-- Provided data --

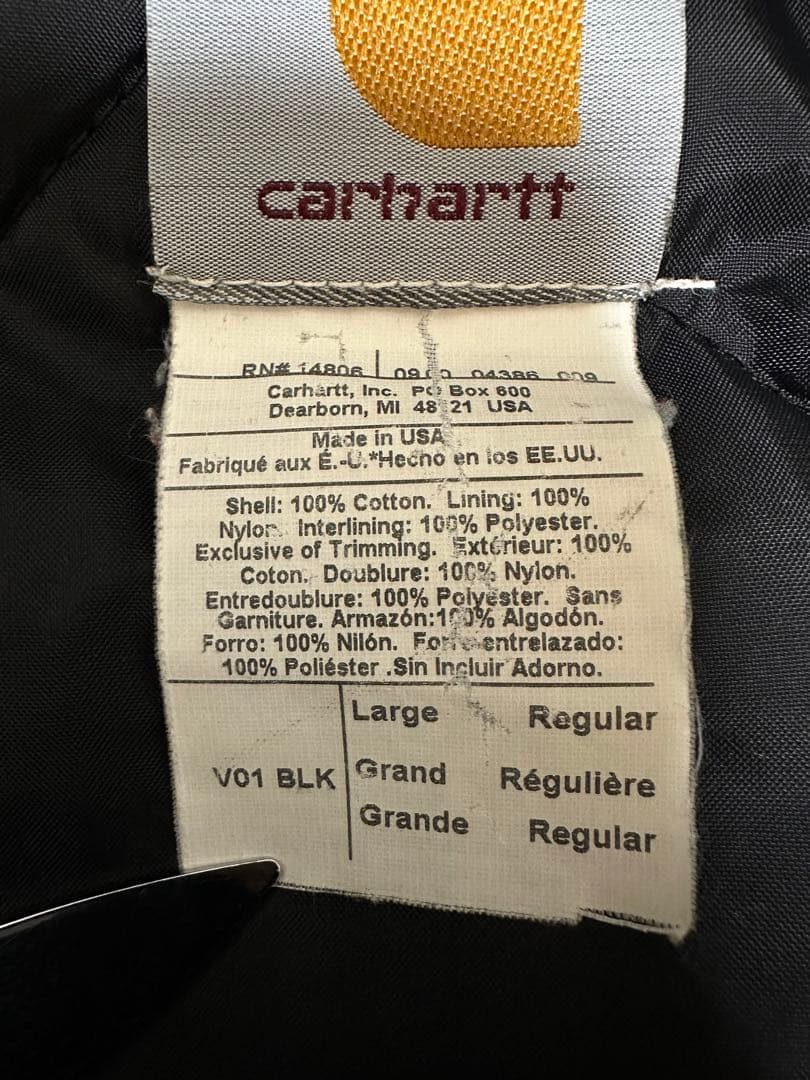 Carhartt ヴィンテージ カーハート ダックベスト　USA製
---
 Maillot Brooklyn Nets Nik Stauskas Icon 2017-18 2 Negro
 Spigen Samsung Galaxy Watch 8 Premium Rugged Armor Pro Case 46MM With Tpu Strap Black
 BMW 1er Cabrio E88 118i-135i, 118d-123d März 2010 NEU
* * *
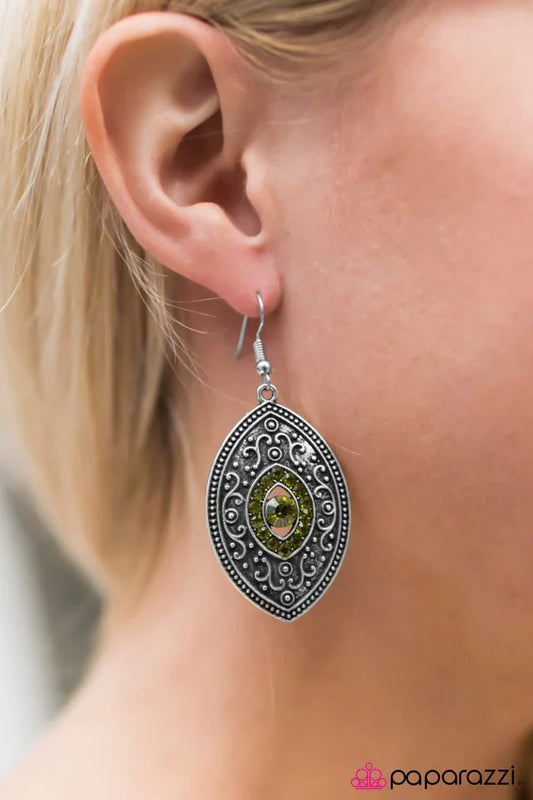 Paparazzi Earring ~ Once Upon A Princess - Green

-- What this task involves --
Retype exactly, and only, the lines above from the one where "Maillot Brooklyn Nets" occurs up to and including the one where "BMW 1er Cabrio" occurs.

-- Response to this task --
 Maillot Brooklyn Nets Nik Stauskas Icon 2017-18 2 Negro
 Spigen Samsung Galaxy Watch 8 Premium Rugged Armor Pro Case 46MM With Tpu Strap Black
 BMW 1er Cabrio E88 118i-135i, 118d-123d März 2010 NEU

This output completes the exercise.